このクレイジーキルトの原則にもとづき、関与者の事前のコミットメントや相互協力により、不確実性を減らして、参入障壁を作ることができます。
クレイジーキルトの原則を実践するには
クレイジーキルトの原則を実践するために、サラスは「エフェクチュアルな起業家はビジョンをまず作り、それをターゲットとなる関与者に押し付けたり、“売り込んだり”するのではなく、関与者同士の動的な相互作用から、未来が融合されていく姿に対して取り込みを集中させる」と言っています。
つまり、ビジョンを掲げた後、計画した市場に固執することなく、集まった関与者との関係から柔軟に対応していきます。
体型的な競合分析を重要視しない
クレイジーキルトの原則を使わない起業法でも、ビジネスのビジョンを明確にすることから始めます。

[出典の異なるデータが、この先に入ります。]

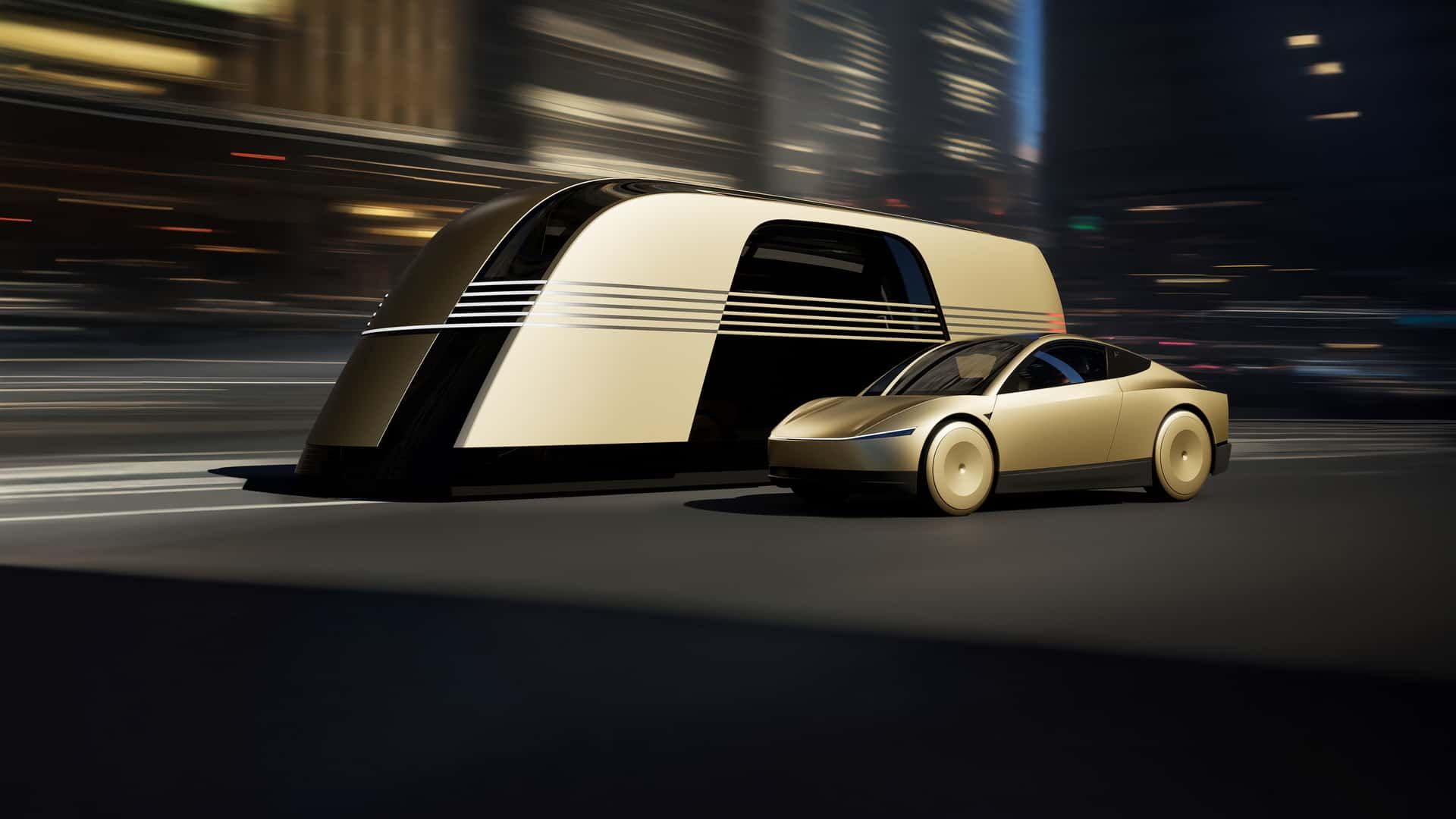 Tesla Cybervan i Tesla Cybercab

ビジョンを掲げ、参入する市場を定めた後、従来はマイケル・ポーター(Michael Porter)のファイブフォース分析に代表されるように、競合分析が重要視されてきました。
しかし、エフェクチュエーションを使うようなスタートアップ期には決められた市場が存在しない場合もあるので、競合分析は重要ではありません。

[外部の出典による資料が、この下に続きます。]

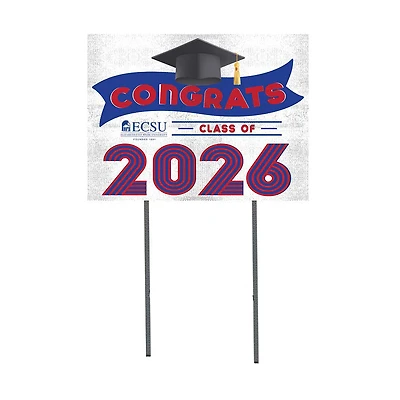Elizabeth City State University Vikings 18" x 24" 2026 Grad Yard Sign with Stakes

むしろ、ビジョンに賛同する関与者とともに、自らの市場を探していきます。
自らの市場は独自性が高いので参入障壁も高くなり、結果として競争力を身に付けることができます。
許容可能な損失の原則との関係
クレイジーキルトの原則は、同じエフェクチュエーションの「許容可能な損失の原則」と密接に関係しています。
許容可能な損失の原則は、エフェクチュエーションの思考様式の一つで、これから始める事業でどこまでの損失を想定し許容できるのか、あらかじめ定めておくことです。
資力に乏しい起業家は、市場分析や競合分析に時間や費用を使うことができません。
そのため、損失の額を低下させるためにも、特定の市場にこだわることなく、関与者とともに自らの市場を探していきます。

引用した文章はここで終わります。